*** DATA SUPPLIED ***

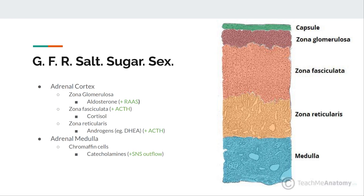Tumors of the adrenal medulla are called pheochromocytomas. They produce catecholamines typically in surges — rapid elevation of blood pressure with panic and tachycardia episodically. You test for pheochromocytoma by measuring metanephrines in the blood, which are metabolites indicating its activity. Pheochromocytoma is one of the tumors of multiple endocrine neoplasia syndrome.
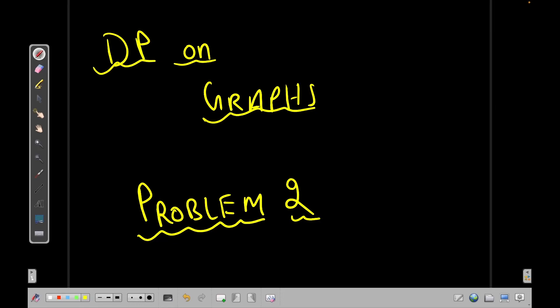Hello everyone, welcome back to Code Enzyme. This is the 10th video of the series 'Graph Algorithms for Competitive Programming'. In this video we will discuss another problem on DP with graphs.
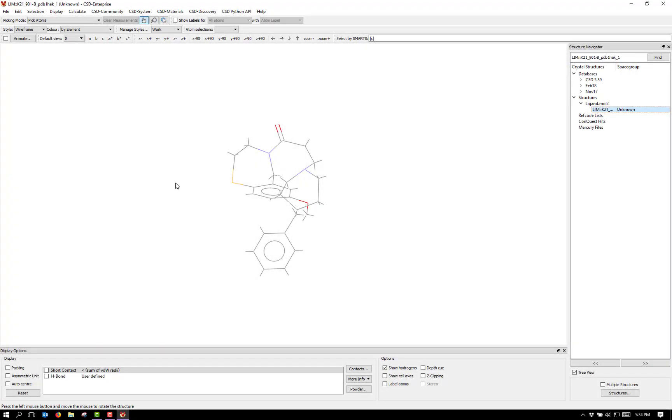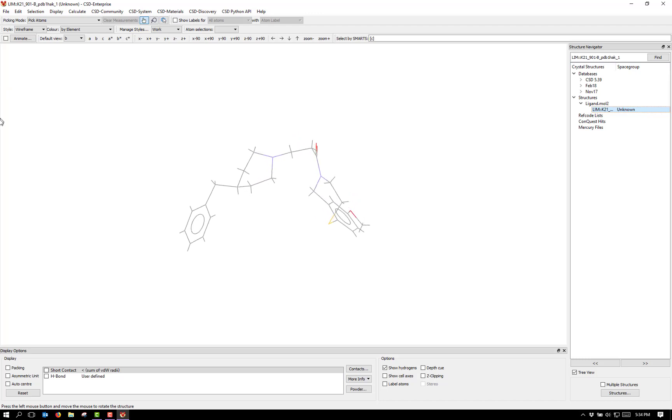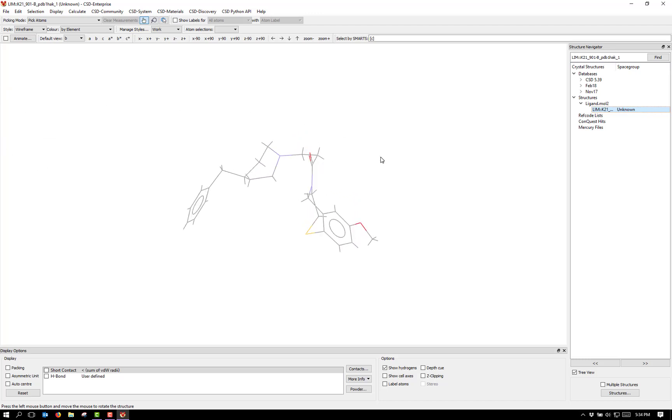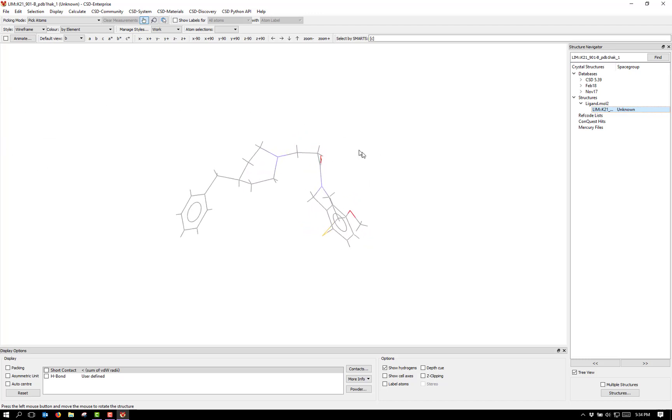Here I have the coordinates of a ligand molecule from a protein crystal structure determination. As you can see, this is quite a complex molecule. We'd like to make sure the chemistry is reasonable based on similar structures that are in the CSD.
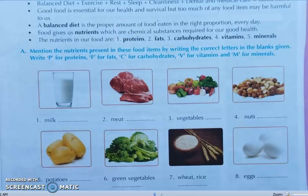First, milk. You have to write P for protein, M for mineral, and V for vitamins. So in front of milk, you write P, M, and V — three letters in the first column.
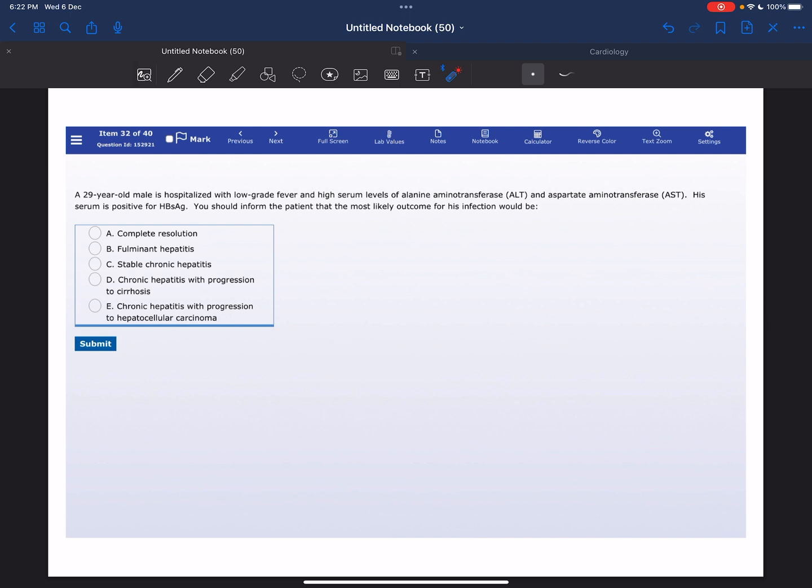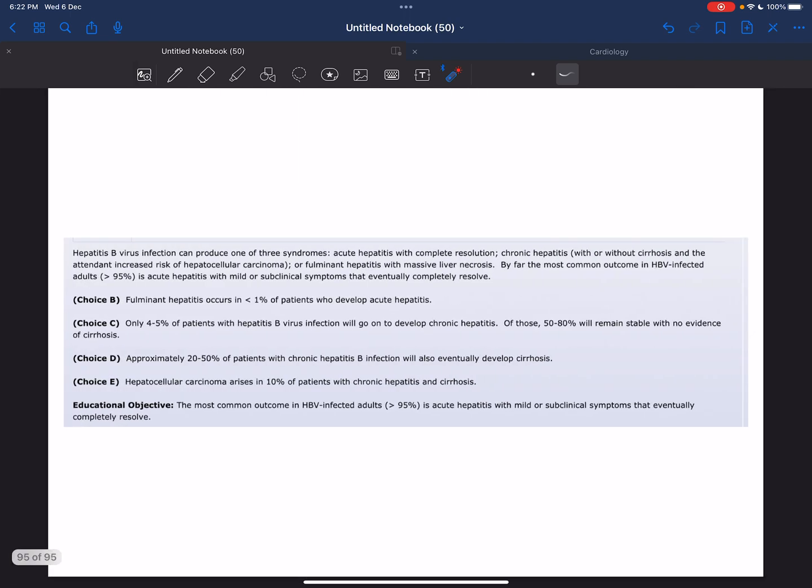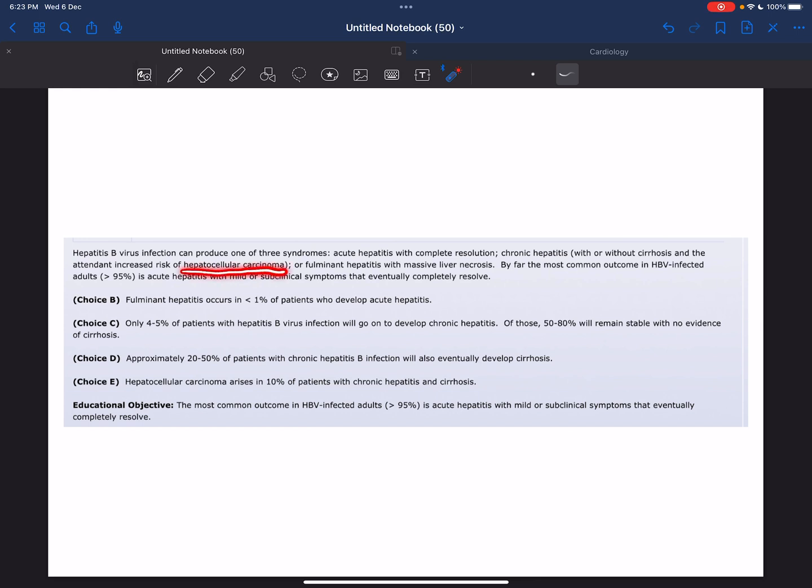The correct answer here is complete resolution, because hepatitis B virus infection can produce one of three syndromes: acute hepatitis with complete resolution, chronic hepatitis with or without cirrhosis and the attendant increased risk for hepatocellular carcinoma (that's an important point), or fulminant hepatitis with massive liver necrosis.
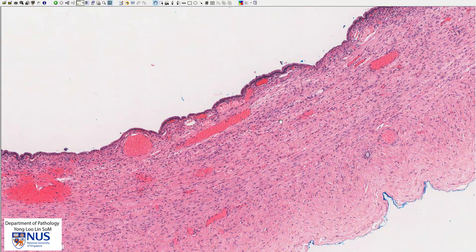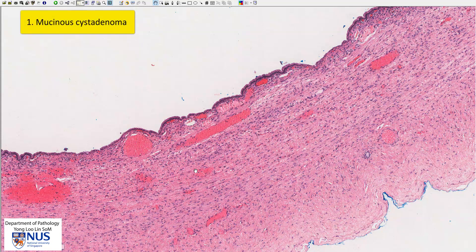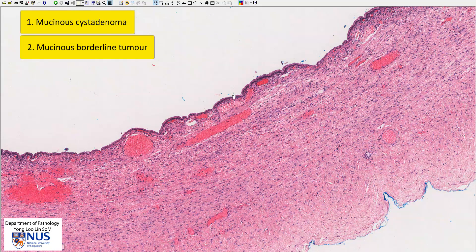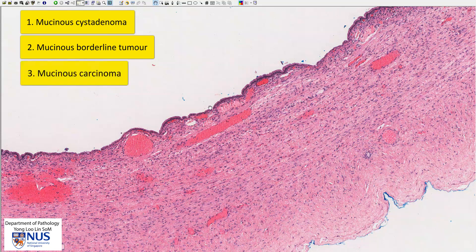Mucinous cystadenoma is a benign tumor. Among these tumors, there is a spectrum of the degree of proliferation as well as aggressiveness of behavior, ranging from benign to malignant. There is the mucinous cystadenoma, which is benign; then the mucinous borderline tumor, which shows more complexity, papillary architecture, and some degree of nuclear stratification; and there is mucinous carcinoma, which shows invasion.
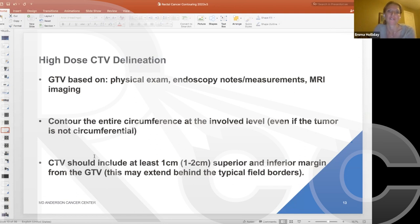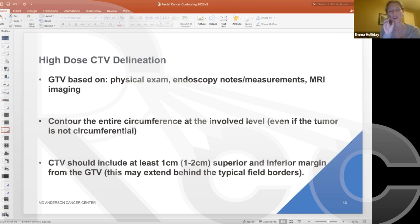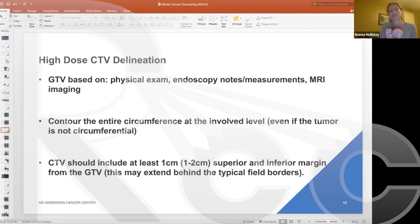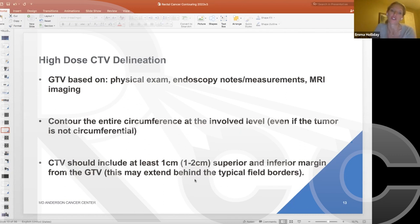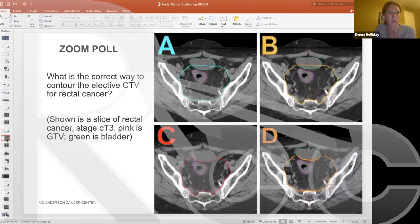The first step in generating a rectal cancer plan is outlining the GTV using all available information — physical exam, endoscopy reports, and axial imaging. An important tip: don't contour the GTV too narrowly. Include the whole circumference of the rectum at the involved level, so that day-to-day variation in gas or stool doesn't result in missing GTV coverage. In terms of extent, include at least 1 cm superior and inferior to the GTV — this may push the superior border higher for a recto-sigmoid tumor or the inferior border lower for a low rectal tumor invading the anal canal.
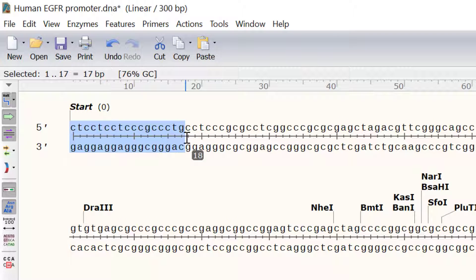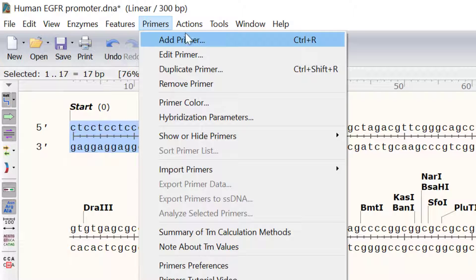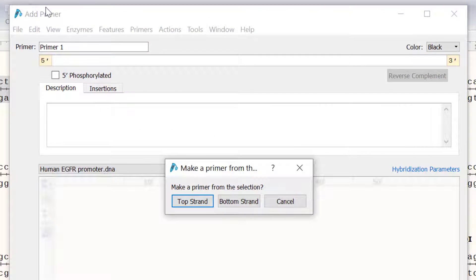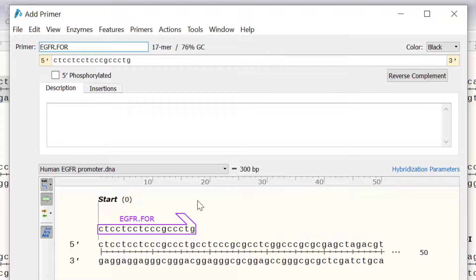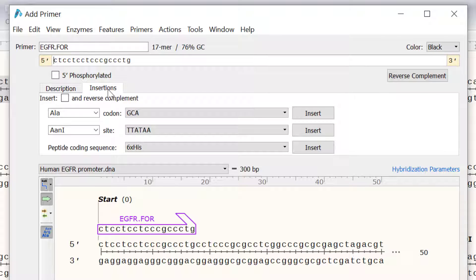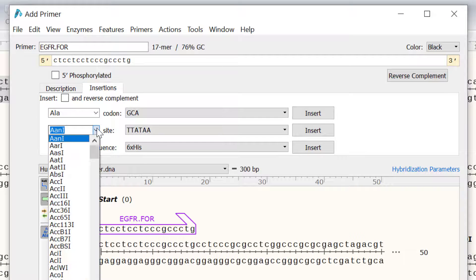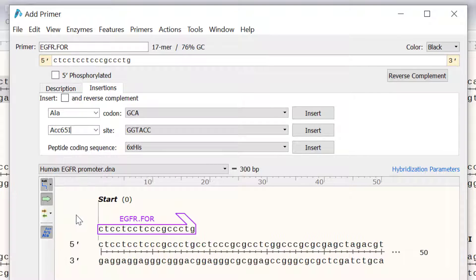To add this as a primer I will go to Primers, Add Primer. Since this will be the forward primer I will select to make a primer from the top strand sequence. I will then call this primer EGFR.4 and I will also add a short description for my own reference. Next I will switch to the insertions tab. Here you can add codons, restriction sites or peptide coding sequences by selecting an option from the drop down menus. For this example I want to add a restriction site for ACC651 to the start of my primer. So I will click on the beginning of the primer sequence and then select ACC651 from the drop down menu and click insert.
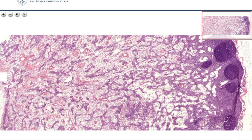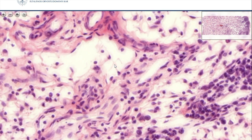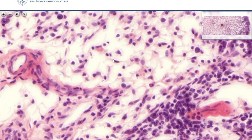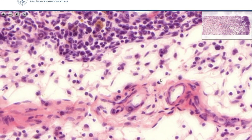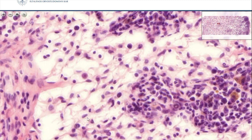Reticulum cells — we will see them in the medulla territory of the lymph node. Let's enlarge it. Here you see these cells with multiple processes. The processes get in contact with each other, and with this a meshwork is formed, like here for example. Occasionally you also see lymphocytes — just small round nuclei belong to lymphocytes.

*** End of DATA SUPPLIED ***

:: TASK STATEMENT ::
Repeat the data exactly, without the pictures.

:: PROBLEM SOLUTION ::
Tumors of the adrenal medulla are called pheochromocytomas. They produce catecholamines typically in surges — rapid elevation of blood pressure with panic and tachycardia episodically. You test for pheochromocytoma by measuring metanephrines in the blood, which are metabolites indicating its activity. Pheochromocytoma is one of the tumors of multiple endocrine neoplasia syndrome.
Hello everyone, welcome back to Code Enzyme. This is the 10th video of the series 'Graph Algorithms for Competitive Programming'. In this video we will discuss another problem on DP with graphs.
Here I have the coordinates of a ligand molecule from a protein crystal structure determination. As you can see, this is quite a complex molecule. We'd like to make sure the chemistry is reasonable based on similar structures that are in the CSD.
First, milk. You have to write P for protein, M for mineral, and V for vitamins. So in front of milk, you write P, M, and V — three letters in the first column.
The correct answer here is complete resolution, because hepatitis B virus infection can produce one of three syndromes: acute hepatitis with complete resolution, chronic hepatitis with or without cirrhosis and the attendant increased risk for hepatocellular carcinoma (that's an important point), or fulminant hepatitis with massive liver necrosis.
Mucinous cystadenoma is a benign tumor. Among these tumors, there is a spectrum of the degree of proliferation as well as aggressiveness of behavior, ranging from benign to malignant. There is the mucinous cystadenoma, which is benign; then the mucinous borderline tumor, which shows more complexity, papillary architecture, and some degree of nuclear stratification; and there is mucinous carcinoma, which shows invasion.
The first step in generating a rectal cancer plan is outlining the GTV using all available information — physical exam, endoscopy reports, and axial imaging. An important tip: don't contour the GTV too narrowly. Include the whole circumference of the rectum at the involved level, so that day-to-day variation in gas or stool doesn't result in missing GTV coverage. In terms of extent, include at least 1 cm superior and inferior to the GTV — this may push the superior border higher for a recto-sigmoid tumor or the inferior border lower for a low rectal tumor invading the anal canal.
To add this as a primer I will go to Primers, Add Primer. Since this will be the forward primer I will select to make a primer from the top strand sequence. I will then call this primer EGFR.4 and I will also add a short description for my own reference. Next I will switch to the insertions tab. Here you can add codons, restriction sites or peptide coding sequences by selecting an option from the drop down menus. For this example I want to add a restriction site for ACC651 to the start of my primer. So I will click on the beginning of the primer sequence and then select ACC651 from the drop down menu and click insert.
Reticulum cells — we will see them in the medulla territory of the lymph node. Let's enlarge it. Here you see these cells with multiple processes. The processes get in contact with each other, and with this a meshwork is formed, like here for example. Occasionally you also see lymphocytes — just small round nuclei belong to lymphocytes.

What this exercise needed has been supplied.